EATING FIRE: MY LIFE AS A LESBIAN AVENGER
University of Minnesota Press, March 2014
Spanning the twenty years from the Culture Wars through the War on Terror, EATING FIRE begins in 1992 with the author’s transformation from ex-Southern Baptist hickster poet into fire-eating Lesbian Avenger. She haunts the streets of New York, battles cops on Fifth Avenue, eats fire in front of the White House, and mobilizes 20,000 lesbians for the International Dyke March. She also squirms through excruciating meetings and finds true love. Several times.

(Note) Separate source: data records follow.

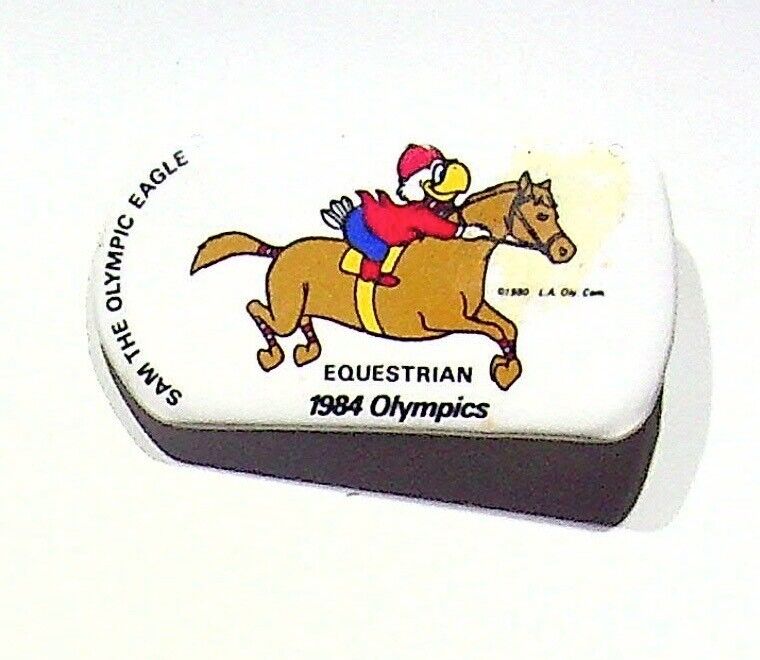 SAM THE OLYMPIC EAGLE EQUESTRIAN 1984 OLYMPICS - VINTAGE BUTTON PIN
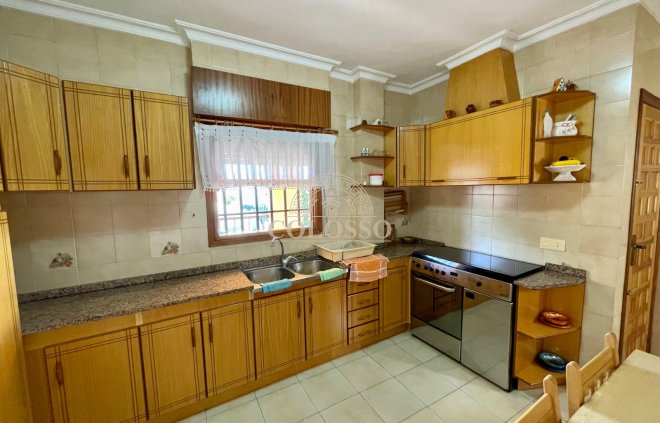 Reventa - Chalet -
Torrevieja - Los Frutales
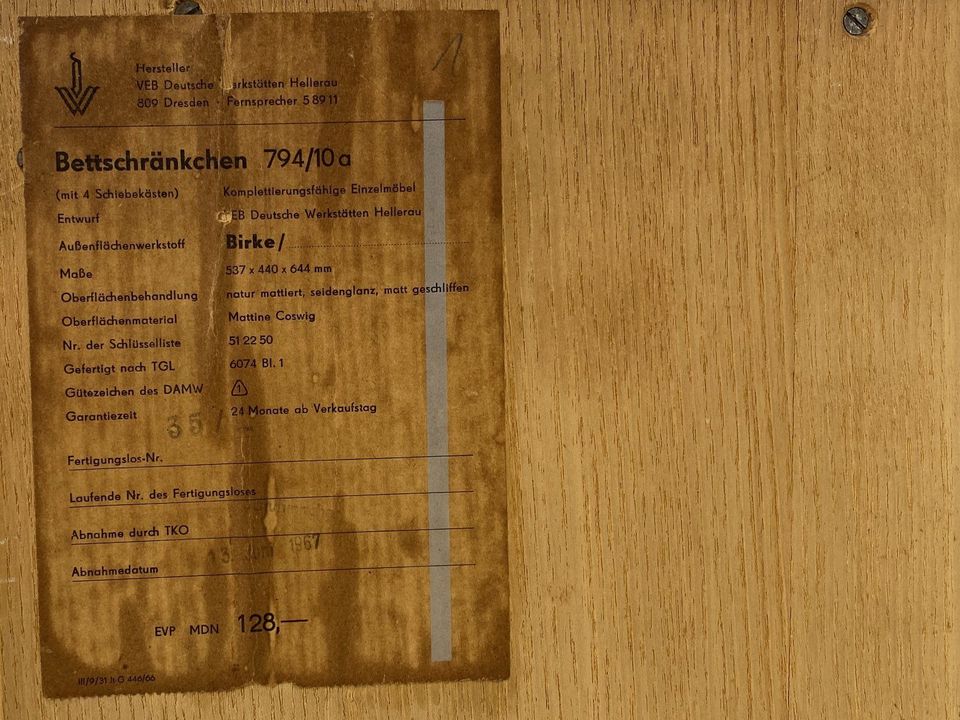 WMK Hübsche und sehr rare kleine Mid-Century Kommode 794/10a von VEB Hellerau aus 1967 mit vier Schubladen # Nachtschrank Nachtschränkchen Nachtkommode Nachttisch Beistelltisch 50er 60er DDR Vintage in Berlin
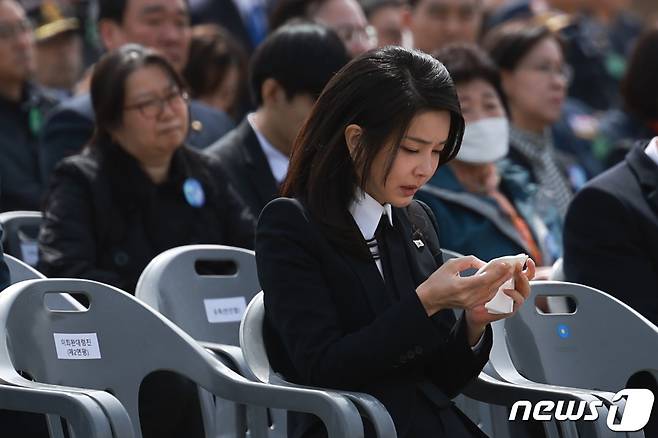 김건희 여사가 24일 국립대전현충원에서 열린 제8회 서해수호의 날 기념식에 참석해 윤석열 대통령이 서해수호 55용사들의 이름을 한명 한명 부르자 눈물을 흘리고 있다. (대통령실 제공) 2023.3.24/뉴스1 ⓒ News1 안은나 기자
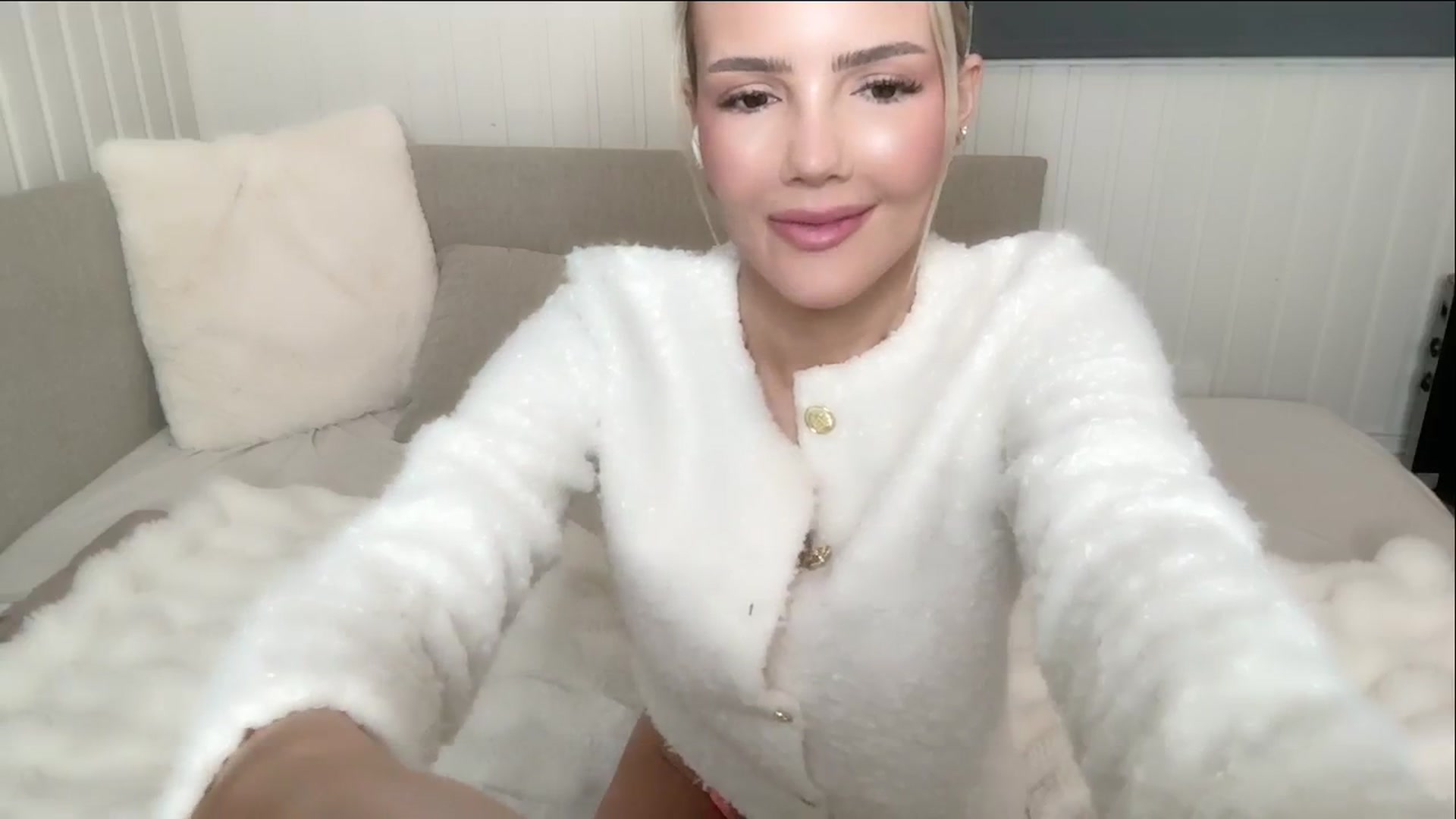 Gallery image thumbnail from MissVictoria's myfreecams stream on, 01/27/2025, 16:28 image 12 of 20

Her avenging doesn’t end when the group implodes. She morphs instead into a pioneering citizen journalist, coding the pages of her own online magazine, The Gully, and looking everywhere for truth and justice, from Havana cafes to the Laundromats of Paris and New York. She mostly doesn’t find any, and the book deepens into a meditation on citizenship and social change in the post-9/11 world.
To have a volume about lesbian activism that focuses on the most effective, most publicized and controversial group, the Lesbian Avengers, is almost too good to be true. Eating Fire is an intimate activist handbook that offers a generous ‘us’ and we can happily enter the space of it from so many angles.
-Eileen Myles, author of Inferno (A Poet’s Novel)
“Activist histories of social movements are rare yet essential to understanding how social change actually happens. Stories of lesbian activism are even harder to find. This unique, evocative, and fascinating memoir tells both a personal and a community story of creativity, political commitment, grief, and the love that motivates it all.”
-Urvashi Vaid, author of irresistible Revolution: Confronting Race, Class and the Assumptions of LGBT Politics
“This free wheeling memoir of lesbian activism -alternately funny and raucous, meditative and reflective-is a document of a specific time and place. But it is also a marvelous, timeless tale of wit, survival, determination, and ultimately facing history. Veering between Portrait of the Artist as a Young Dyke and Rebel Without a Pause, Cogswell’s memoir of the Lesbian Avengers is incisive, politically astute, and a much needed addition to LGBT history.”
-Michael Bronski, Harvard University
Although the Lesbian Avengers have been defunct since 1995, Cogswell’s idealistic objective in the fight for civil rights is still relevant: to make lesbians visible, change society, and most importantly, change lesbians, who will come to see the public space as theirs.
Gay City News columnist Cogswell’s memoir (as much a cultural as personal history) is a needed addition to this focus [on queer activism from the early 1990s], highlighting the understudied path of the international force, the Lesbian Avengers. Fast-paced and reminiscent of New Narrative, there’s a lot of instructive joy to be found with a mixture of performance and protest fueling the prose…this memoir shines as surely as its history needs telling.